* **What is being asked**
With pictures excluded, retype exactly every line from the one containing "Vanitas vanitatum" to the end of the records below.
————
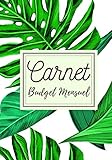 Carnet budget mensuel: Livre de compte | 7x10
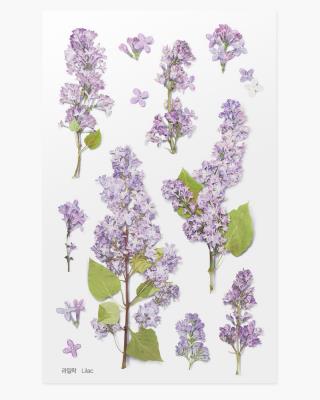 Opakowanie Naklejki ozdobne kwiaty Bez Lilak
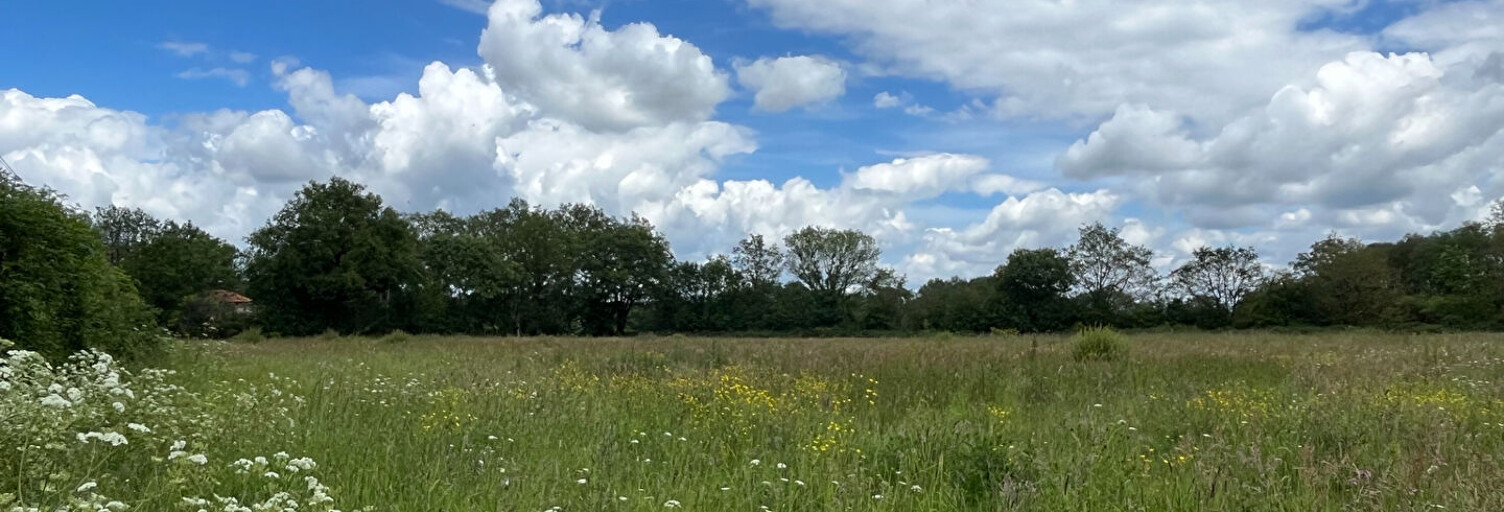 Terrain  1000 m² à vendre à Le Cellier (44850)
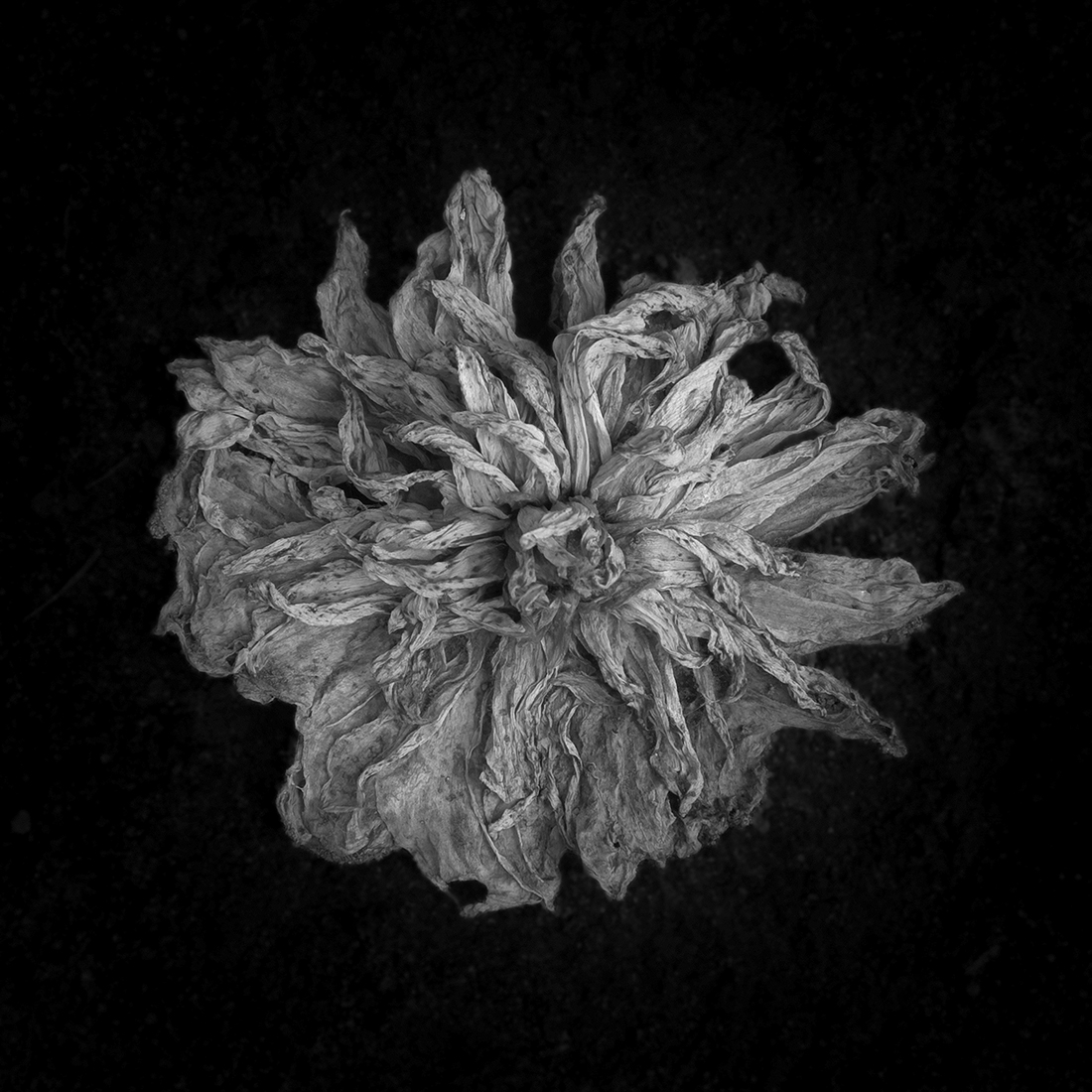 Vanitas vanitatum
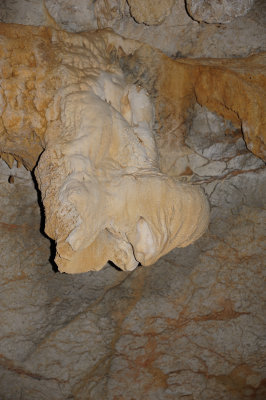 DSC_1603.JPG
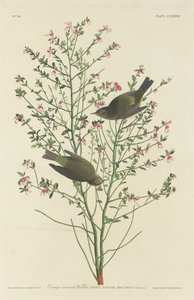 Orange-kronet Sanger af Robert Havell after John James Audubon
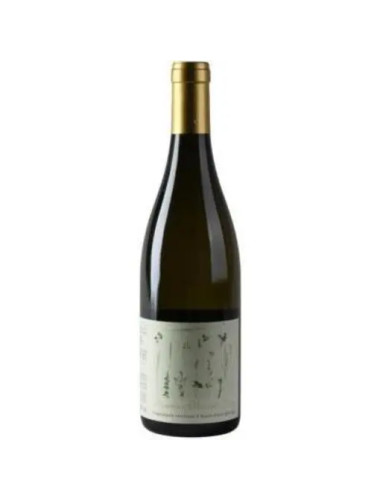 Domaine Vincent Ledy - Bourgogne Aligote 'Les Savigotees' - 2022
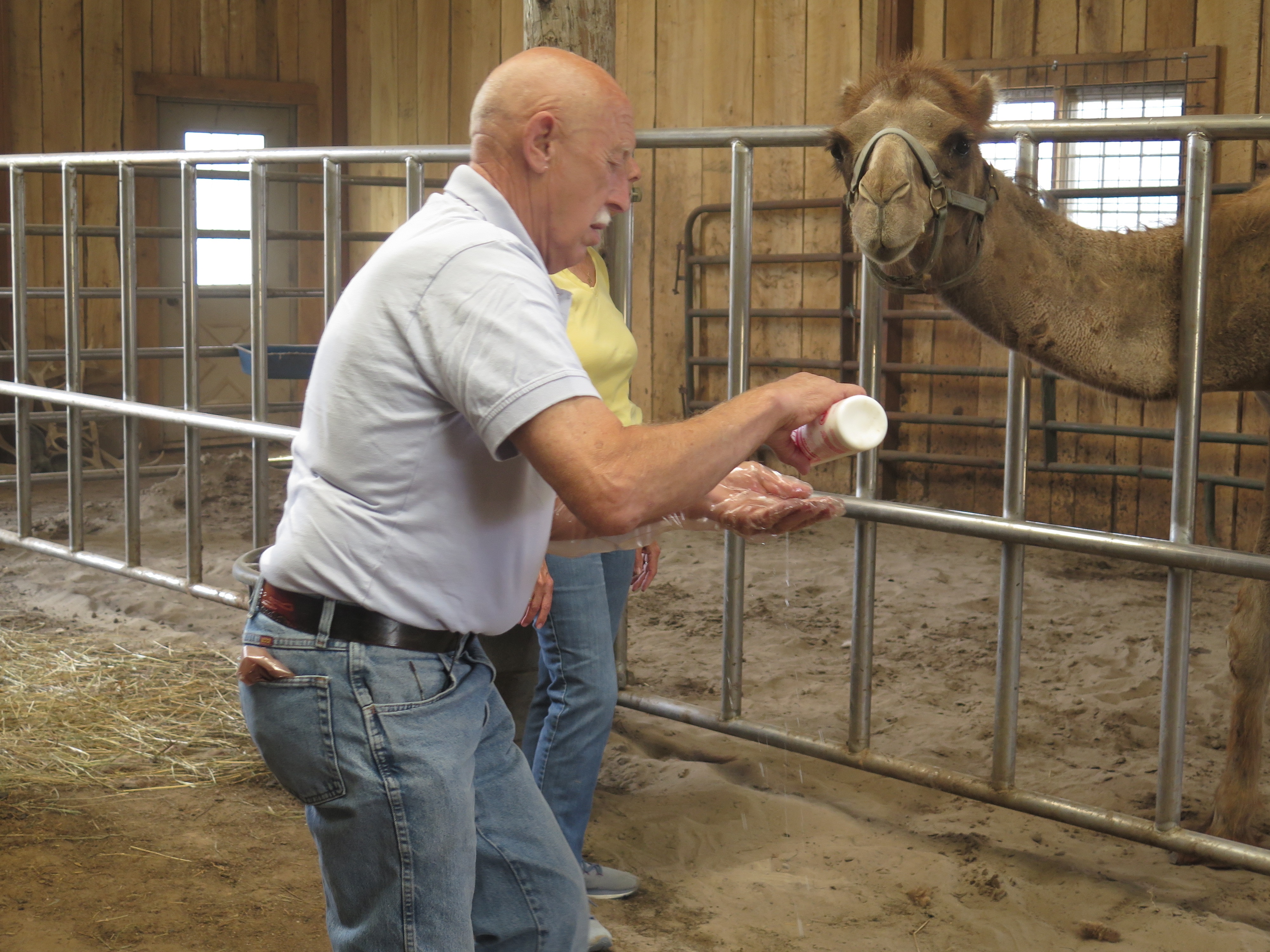 Incredible Dr. Pol Un jour sans fin  (2).jpg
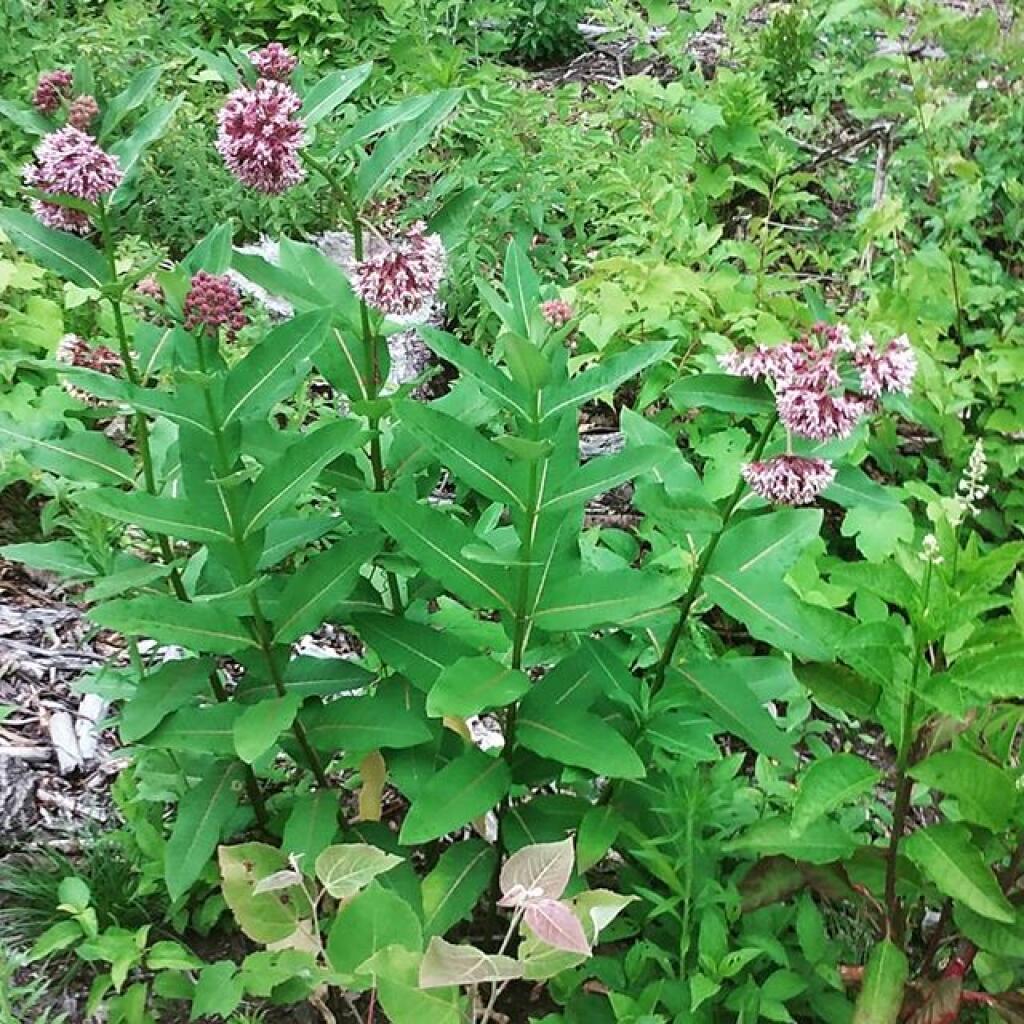 Photo: Milkweed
————
* **Task response**
 Vanitas vanitatum
 DSC_1603.JPG
 Orange-kronet Sanger af Robert Havell after John James Audubon
 Domaine Vincent Ledy - Bourgogne Aligote 'Les Savigotees' - 2022
 Incredible Dr. Pol Un jour sans fin  (2).jpg
 Photo: Milkweed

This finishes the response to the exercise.